Assignment
For this exercise, retype the lines from the one that holds "Farm Auction - VIC" through the one that holds "Желтые бутоны на фоне неба" in the records below, both included, exactly and without pictures.

Recorded data

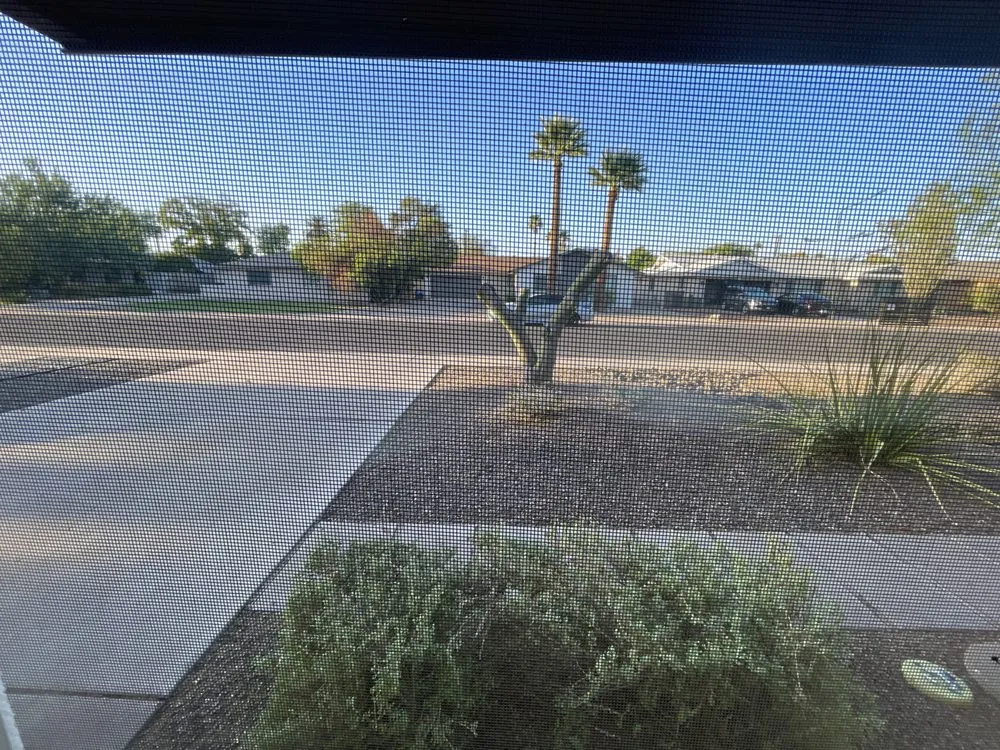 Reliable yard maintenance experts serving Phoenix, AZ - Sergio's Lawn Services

--

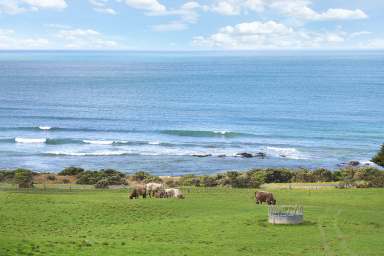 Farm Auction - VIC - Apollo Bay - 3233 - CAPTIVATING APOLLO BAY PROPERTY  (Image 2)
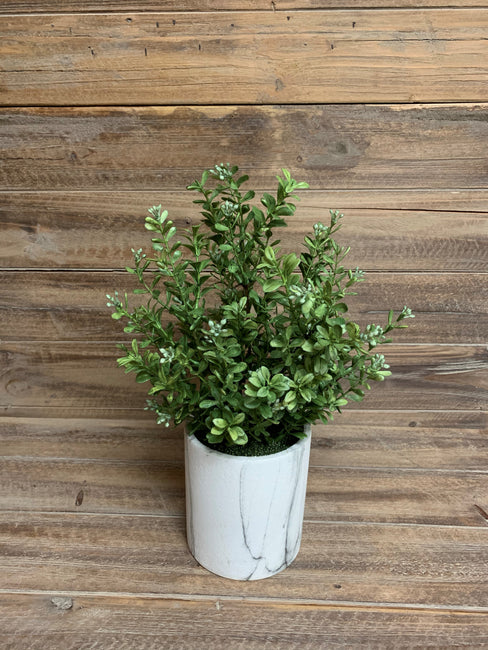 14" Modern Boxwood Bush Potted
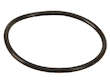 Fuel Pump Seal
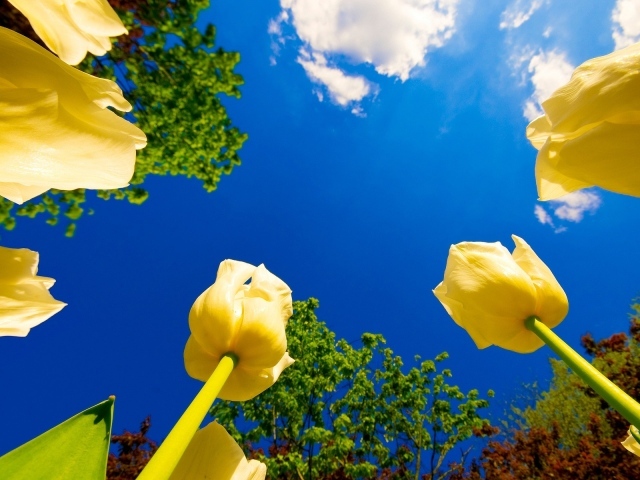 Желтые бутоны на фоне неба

Task result
 Farm Auction - VIC - Apollo Bay - 3233 - CAPTIVATING APOLLO BAY PROPERTY  (Image 2)
 14" Modern Boxwood Bush Potted
 Fuel Pump Seal
 Желтые бутоны на фоне неба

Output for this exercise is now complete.